The core problem of this document is that it specifies a namespace without
specifying the rules of the namespace. Saying "ASCII" is not a proper 
specification.

Is Distinguished Name (DN) the same as the X.509 meaning? I cannot tell
from its IANA registry allocation as all that is listed there is an email
address? :/

If so, their format is not "ASCII", eg it is more something
like:

"a string consisting of a sequence of attribute type/value pairs
separated by a semicolon (';' U+003B)'.

Sometimes comma's are also considered. It also allows non-ASCII
values. What about unprintable ASCII values, eg value 0x07 which
is "audible bell" ? Is "ietf.name" the same as "IETF.name" ?

Why not UTF8? Or if this is deemed to have the "hierarchical properties"
of DNS names, why not Punycode ?

Diagram section 3 is wrongly formatted. It shows a two octet AFI field,
followed by a two octet ASCII field, followed by a 23 bit ASCII field,
followed by a 9 bit "0" field ? But the description and text does not
support this.

Is the "." a special character ? Or "," or ";" (both used as separators
of DNs in X.509), how about a space/tab? Or a dot (") ? Is backslash (\)
used for masking? Is \\ supported to denote a backslash?

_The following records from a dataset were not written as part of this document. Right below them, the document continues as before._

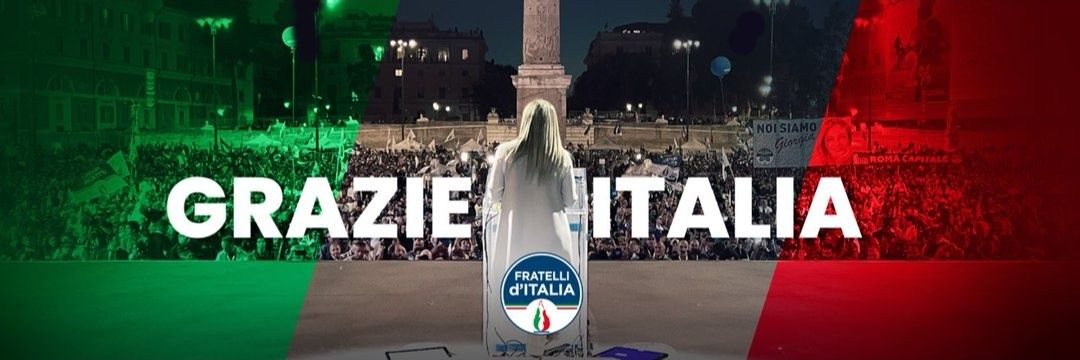 forzadestra's profile banner image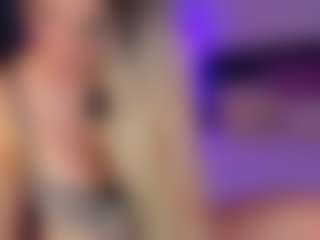 Miss Sasha's Live Sex Cam Show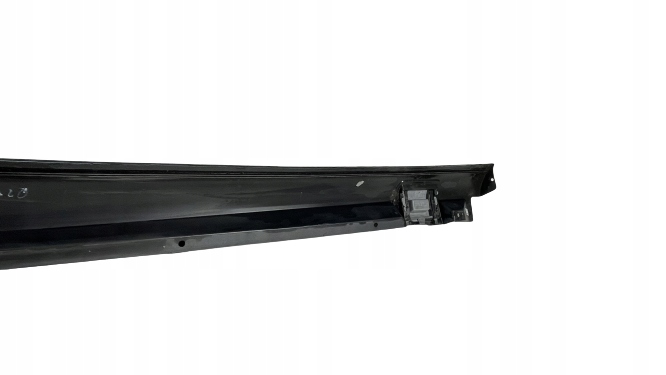 фото №10, ^ планка порогова astra iv j gtc opc-line 13346647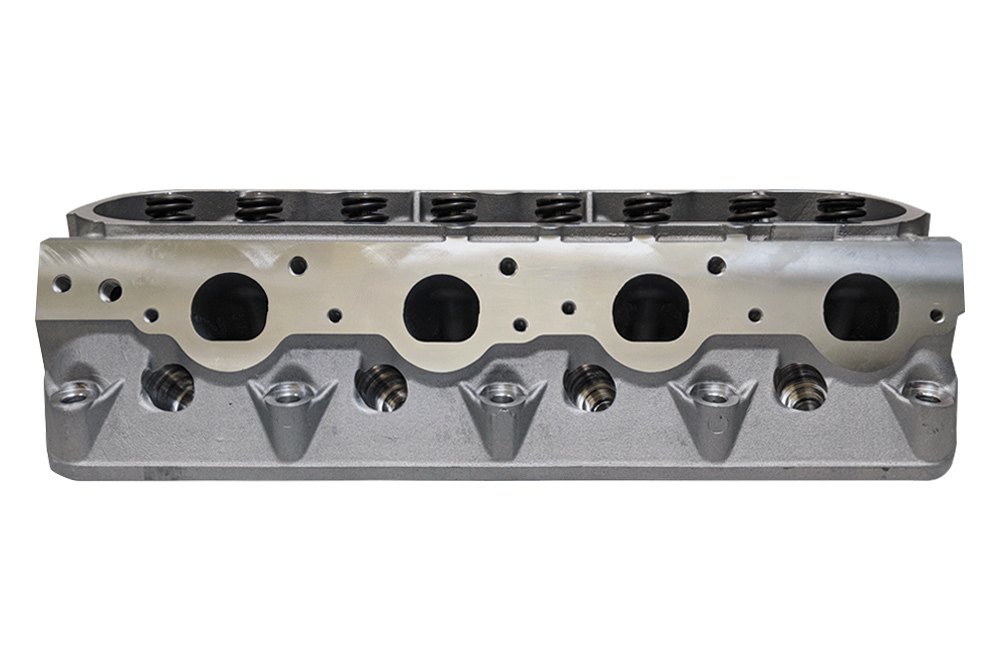 Enginequest® EQCH364CA Assembled Cylinder Head
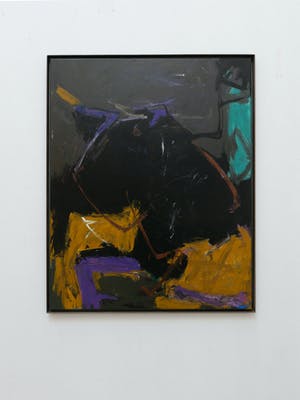 Paul Corvers - Taurus kopen? Bied vanaf 375!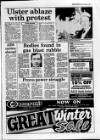 Belfast News-Letter Friday 02 January 1987 Page 3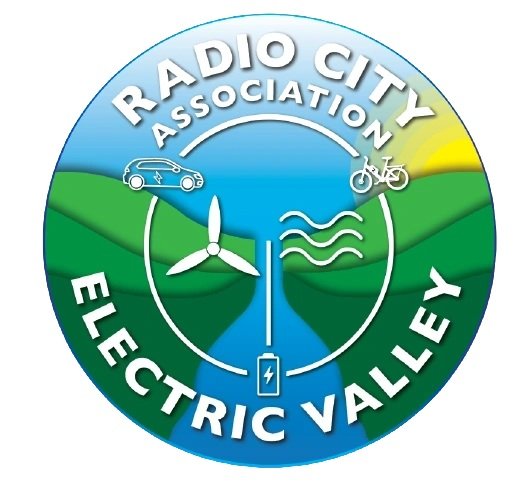 Radio City Association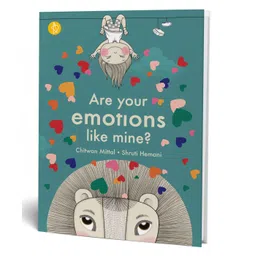 adidev press Are Your Emotions Like Me - English-picture-20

The example uses mask to split a string on dot, eg "ietf.name". Is a mask on
a non-dot valid? What would "ie" or "tf.name" mean?


"There are no security considerations."

What about mask-len's outside the ASCII string?
What about mask-len pointing at the 0 octet?
What about strings without trailing 0 octet?
What about similar looking strings?
What about privacy concerns for strings?
What about indistinguishable Distinguished Name?
What about a NULL name of length 1?
What about an invalid length 0 that cannot include the 0 octet ?
What about excessively long length or mask specifications?
What about matching case sensitive or insensitive?
What about special ASCII characters?